*TASK STATEMENT*
Pictures are to be left out, and only the lines below starting at the one with "Detailed view of" and ending at the one with "animal_ears arms_behind_back bare_shoulders" are to be reproduced, each exactly, both ends included.

*SUPPLIED MATERIAL*
━━━━━━━━━━

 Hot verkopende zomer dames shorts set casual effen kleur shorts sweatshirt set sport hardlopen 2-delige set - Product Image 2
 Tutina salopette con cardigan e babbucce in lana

━━━━━━━━━━

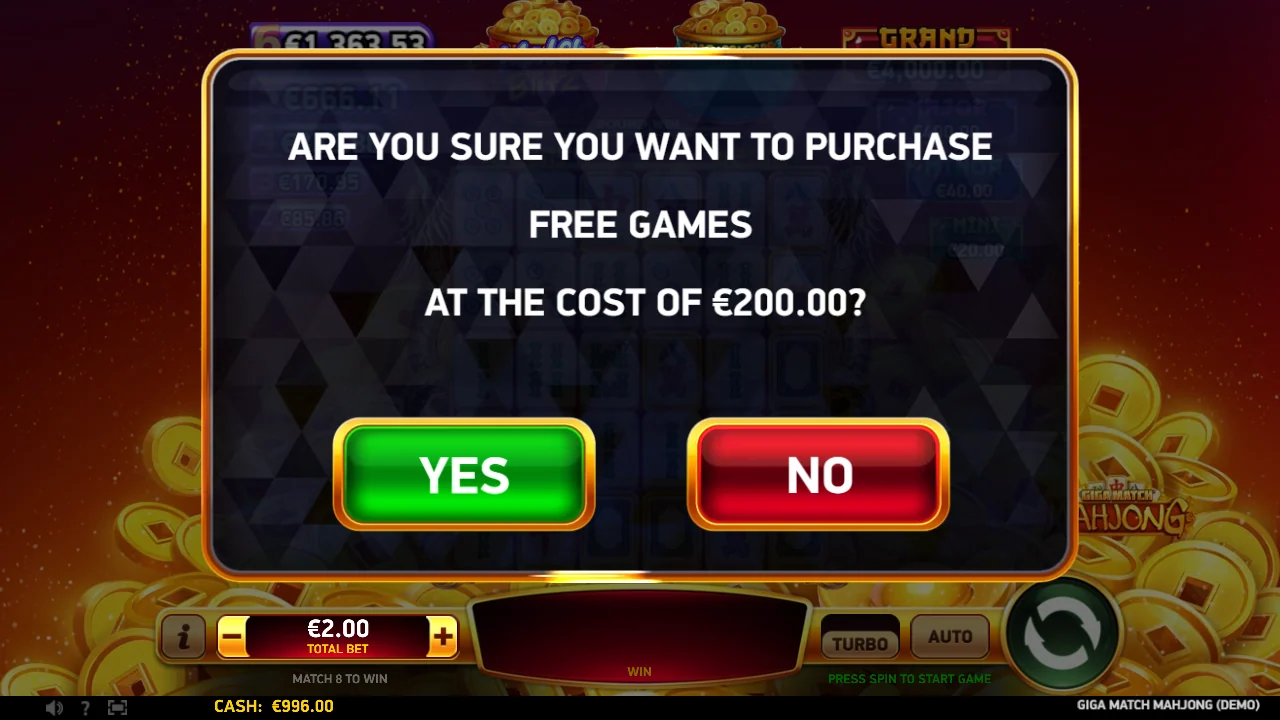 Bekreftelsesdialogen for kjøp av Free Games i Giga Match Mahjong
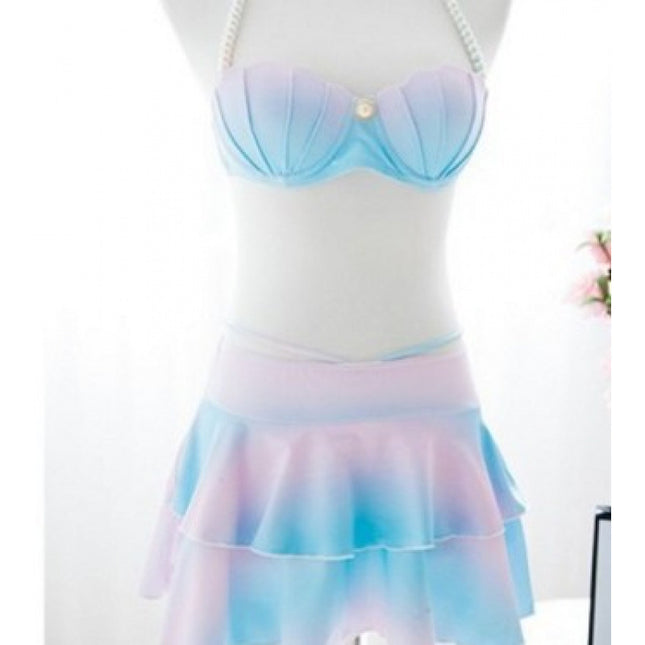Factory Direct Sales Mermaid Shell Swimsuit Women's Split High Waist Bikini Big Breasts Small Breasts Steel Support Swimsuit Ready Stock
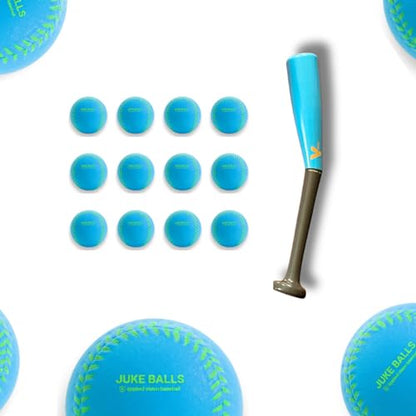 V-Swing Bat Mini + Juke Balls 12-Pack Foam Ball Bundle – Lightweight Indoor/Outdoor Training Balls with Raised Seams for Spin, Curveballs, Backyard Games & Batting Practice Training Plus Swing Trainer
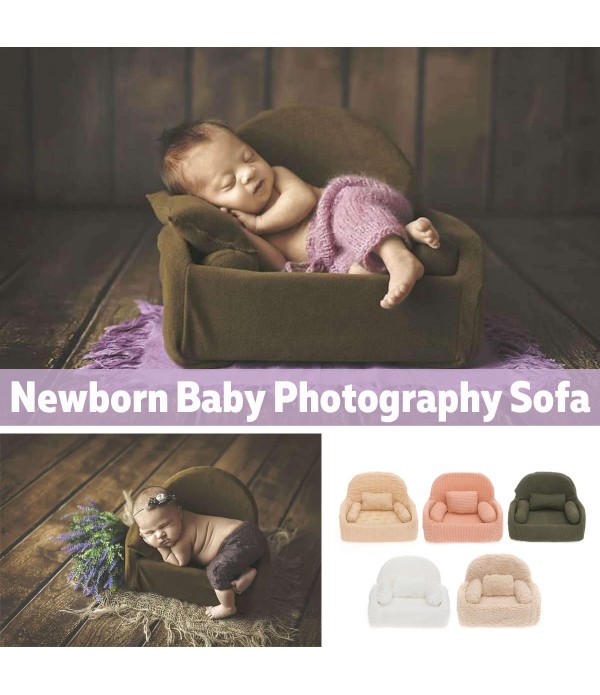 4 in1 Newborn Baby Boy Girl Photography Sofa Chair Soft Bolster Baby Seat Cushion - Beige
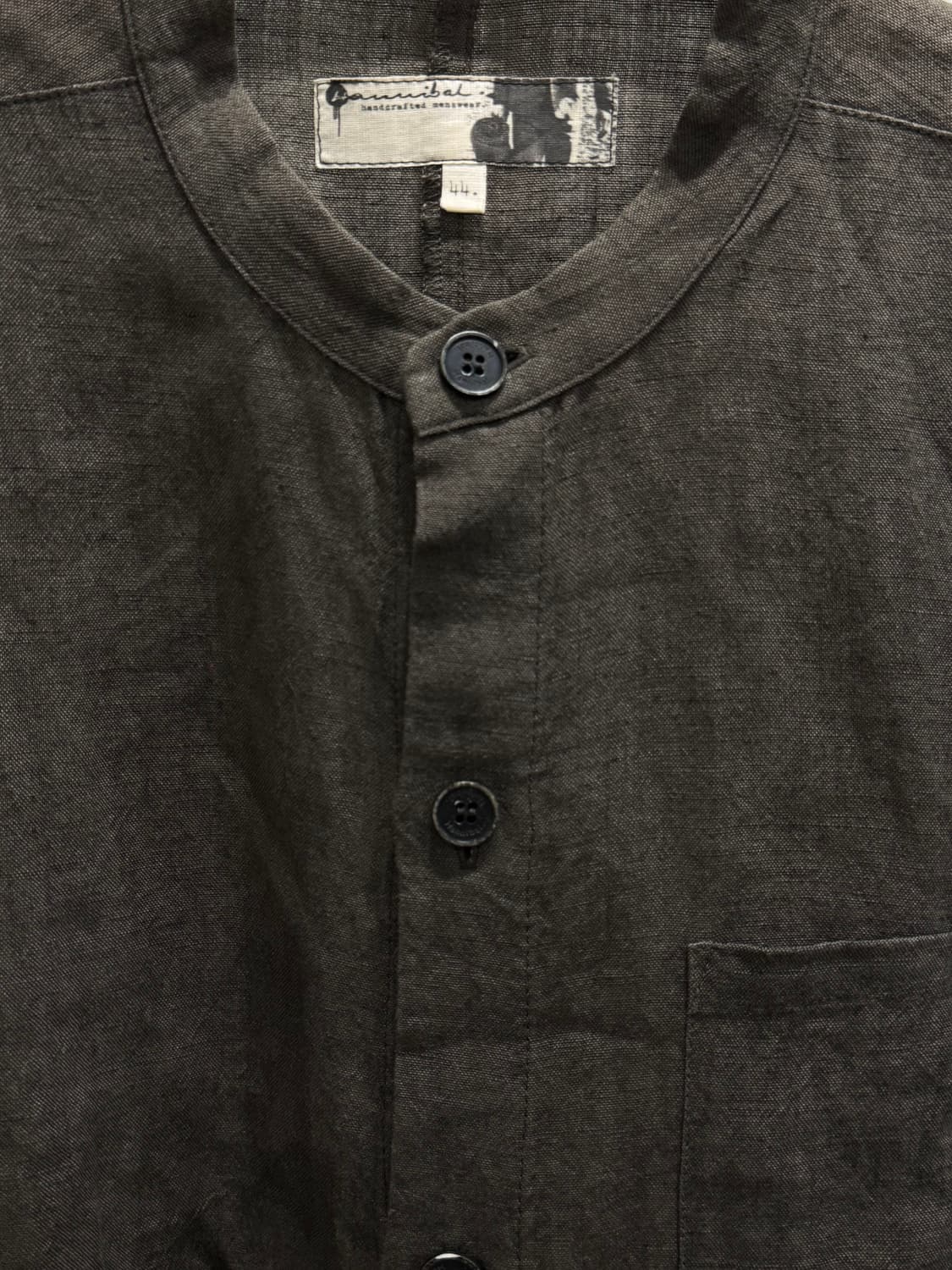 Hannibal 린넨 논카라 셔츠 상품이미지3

━━━━━━━━━━

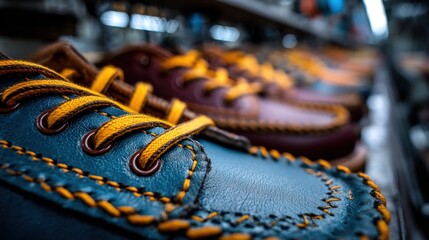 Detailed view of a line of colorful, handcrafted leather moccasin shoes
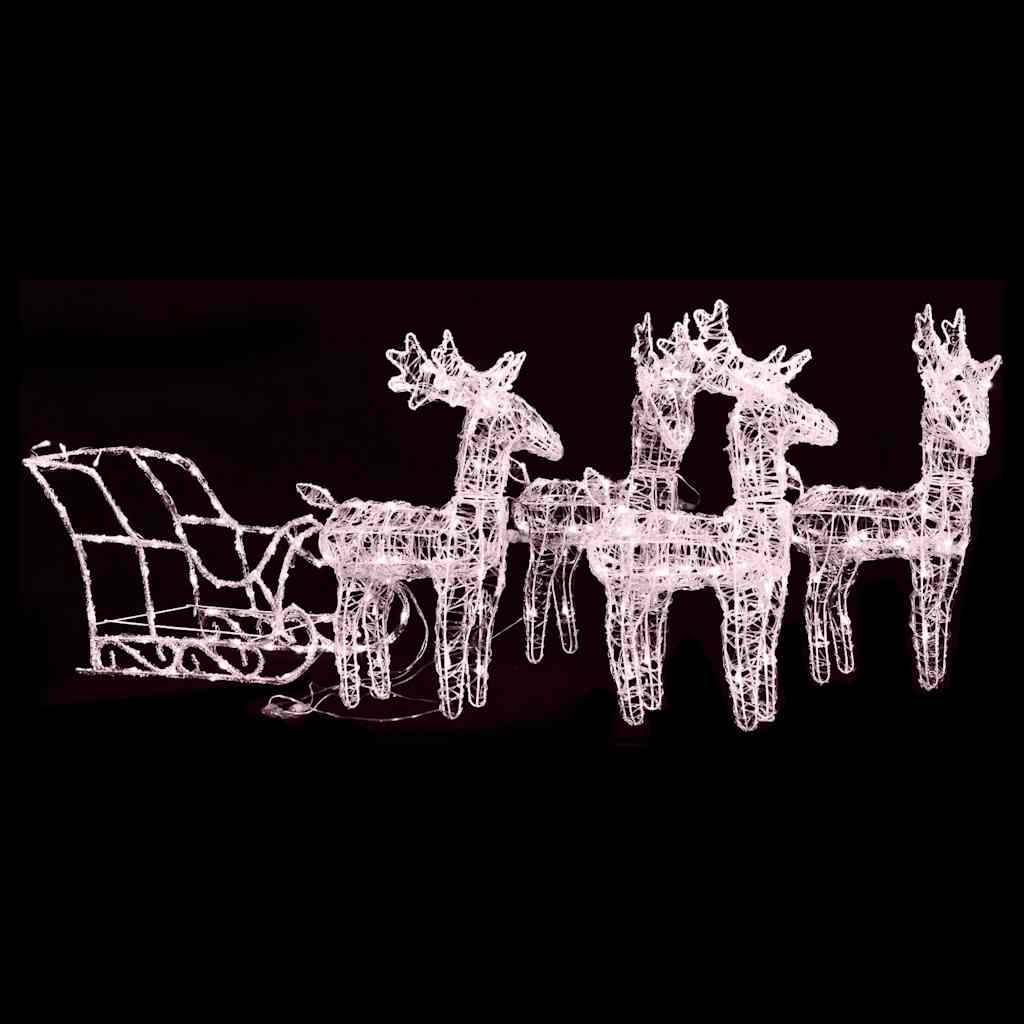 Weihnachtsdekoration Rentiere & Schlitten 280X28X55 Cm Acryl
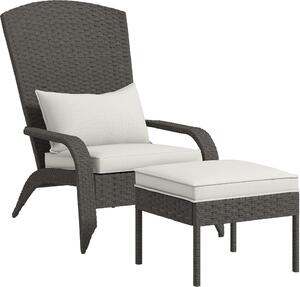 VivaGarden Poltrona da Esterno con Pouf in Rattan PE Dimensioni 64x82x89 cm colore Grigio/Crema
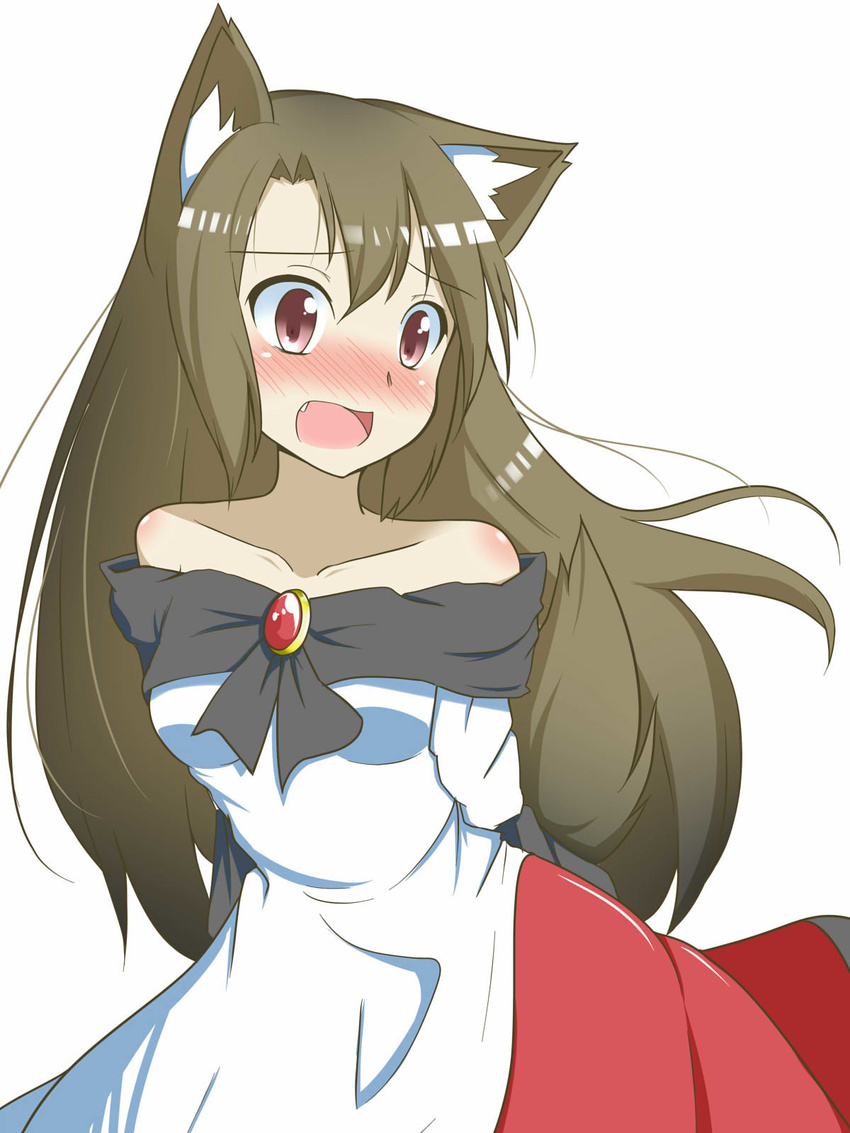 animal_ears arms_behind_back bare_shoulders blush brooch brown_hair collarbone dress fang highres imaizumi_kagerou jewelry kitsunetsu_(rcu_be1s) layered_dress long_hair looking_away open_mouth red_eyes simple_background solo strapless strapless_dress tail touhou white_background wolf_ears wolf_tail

━━━━━━━━━━

*ANSWER BOX*
 Detailed view of a line of colorful, handcrafted leather moccasin shoes
 Weihnachtsdekoration Rentiere & Schlitten 280X28X55 Cm Acryl
 VivaGarden Poltrona da Esterno con Pouf in Rattan PE Dimensioni 64x82x89 cm colore Grigio/Crema
 animal_ears arms_behind_back bare_shoulders blush brooch brown_hair collarbone dress fang highres imaizumi_kagerou jewelry kitsunetsu_(rcu_be1s) layered_dress long_hair looking_away open_mouth red_eyes simple_background solo strapless strapless_dress tail touhou white_background wolf_ears wolf_tail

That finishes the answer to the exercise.